Data provided:
---*---
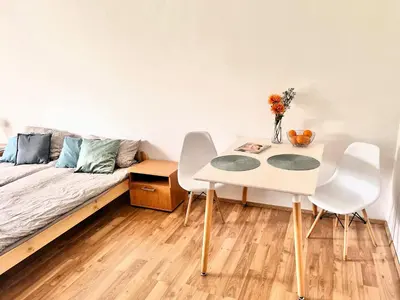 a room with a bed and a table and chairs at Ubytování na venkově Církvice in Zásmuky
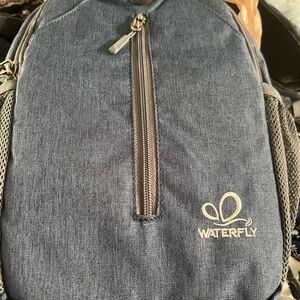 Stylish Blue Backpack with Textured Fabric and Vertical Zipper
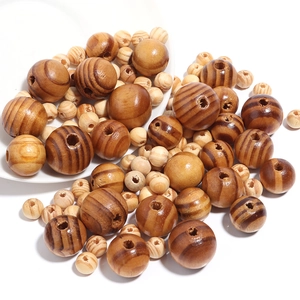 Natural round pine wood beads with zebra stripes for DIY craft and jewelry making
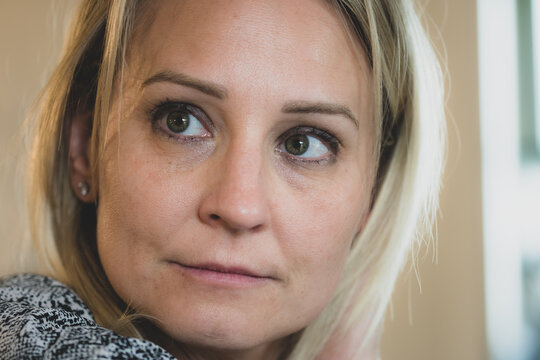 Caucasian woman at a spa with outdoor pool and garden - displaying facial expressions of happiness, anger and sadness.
---*---
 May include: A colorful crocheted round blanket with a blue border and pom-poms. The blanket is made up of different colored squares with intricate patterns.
---*---
Task to carry out: From the records above, write out exactly the lines that begin at the line with "a room with" and end at the line with "Caucasian woman at". Pictures must not appear in the output.

Exercise response:
 a room with a bed and a table and chairs at Ubytování na venkově Církvice in Zásmuky
 Stylish Blue Backpack with Textured Fabric and Vertical Zipper
 Natural round pine wood beads with zebra stripes for DIY craft and jewelry making
 Caucasian woman at a spa with outdoor pool and garden - displaying facial expressions of happiness, anger and sadness.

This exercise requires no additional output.